*YOUR INSTRUCTIONS*. Give back the whole listing verbatim, printing none of its pictures.

*EXERCISE DATA*.
== Segment start ==

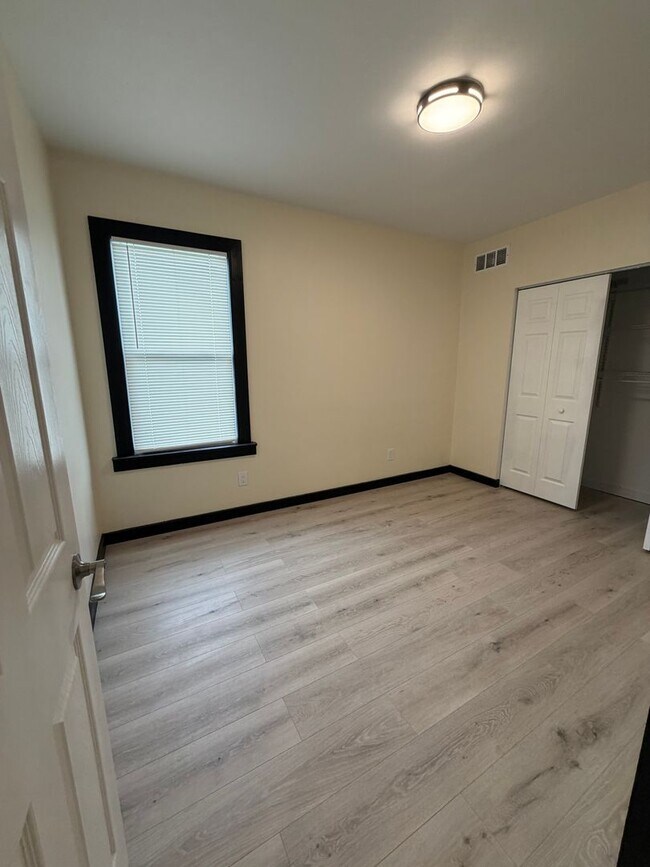 Building Photo - 4 bedroom townhouse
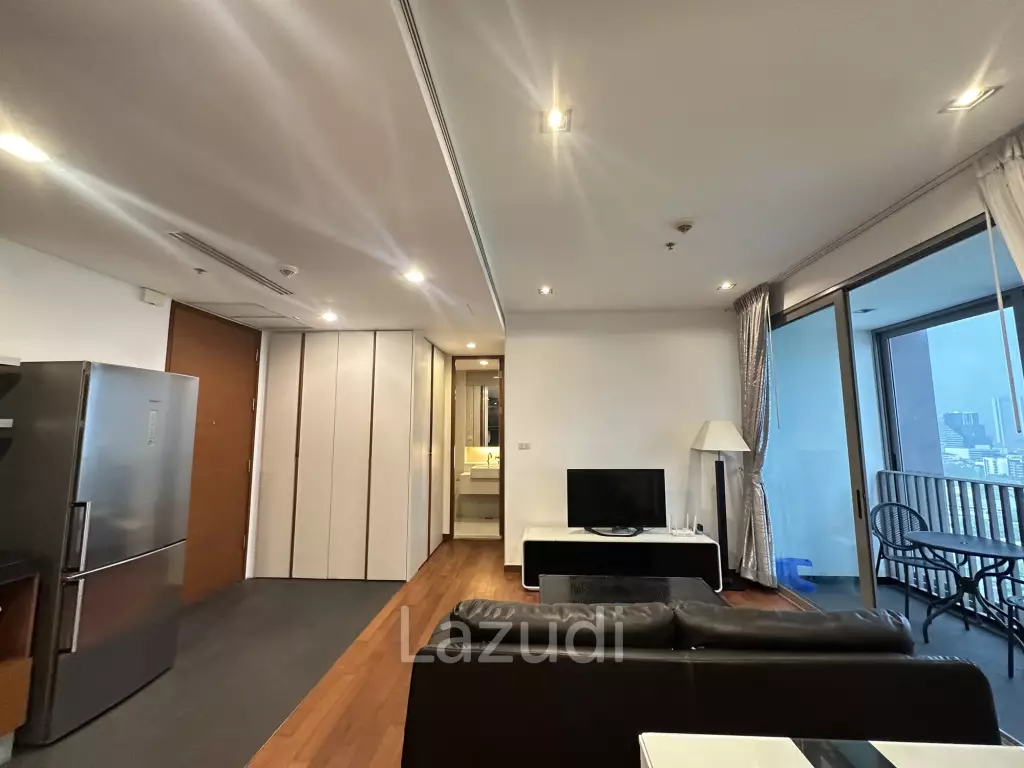 2 Bedroom 2 Bathroom Condo 70 SQ.M.at  Ashton Morph 38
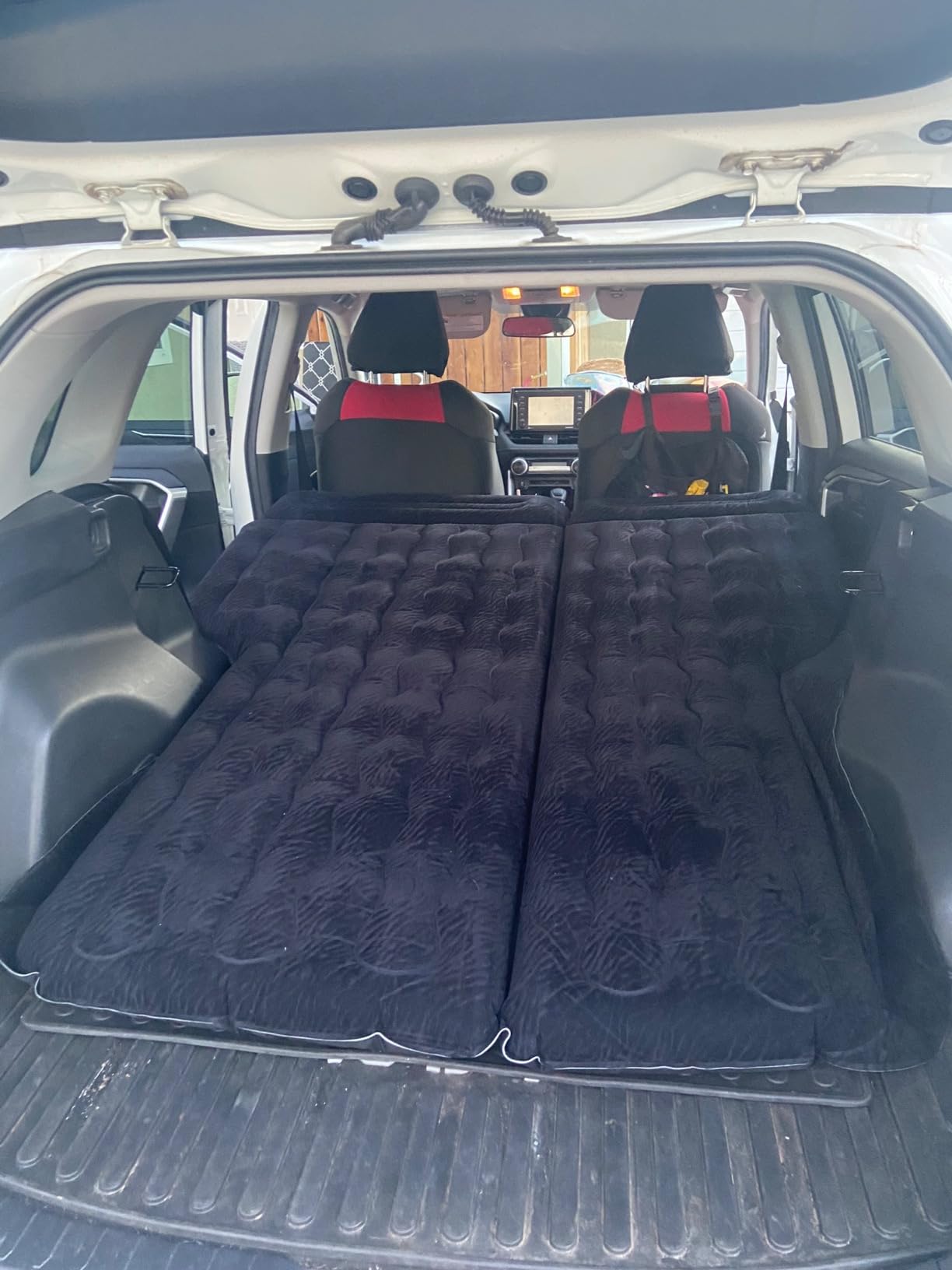 Inflatable SUV Air Mattress Bed Car Mattress for SUV, Double-Sided Flocking Travel Camping Bed Car Air Mattress, Car Sleeping Mattress Bed for Universal SUV with Car Air Pump 2 Pillows Black customer photo 1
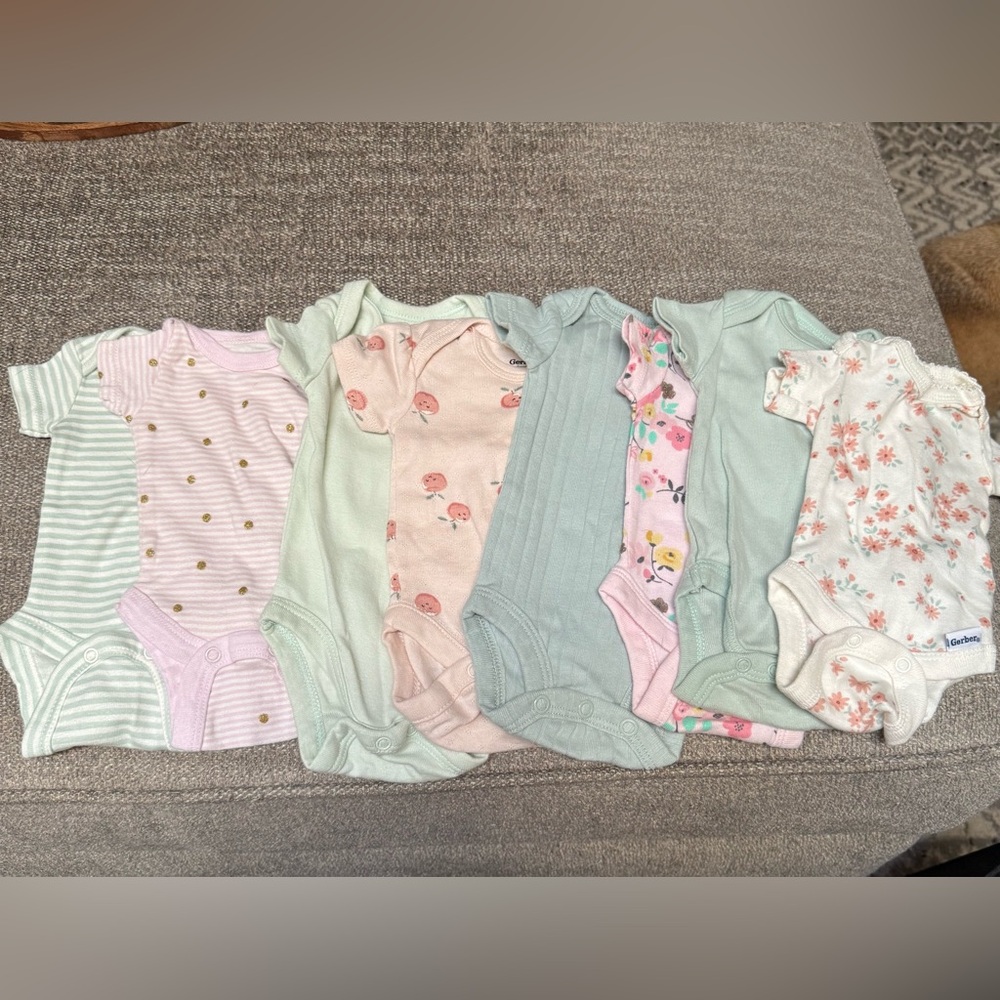 Gerber Baby Girls Mixed Pastel One-Piece Bodysuit Set - preemie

== Segment end ==

*ANSWER SPACE*.
 Building Photo - 4 bedroom townhouse
 2 Bedroom 2 Bathroom Condo 70 SQ.M.at  Ashton Morph 38
 Inflatable SUV Air Mattress Bed Car Mattress for SUV, Double-Sided Flocking Travel Camping Bed Car Air Mattress, Car Sleeping Mattress Bed for Universal SUV with Car Air Pump 2 Pillows Black customer photo 1
 Gerber Baby Girls Mixed Pastel One-Piece Bodysuit Set - preemie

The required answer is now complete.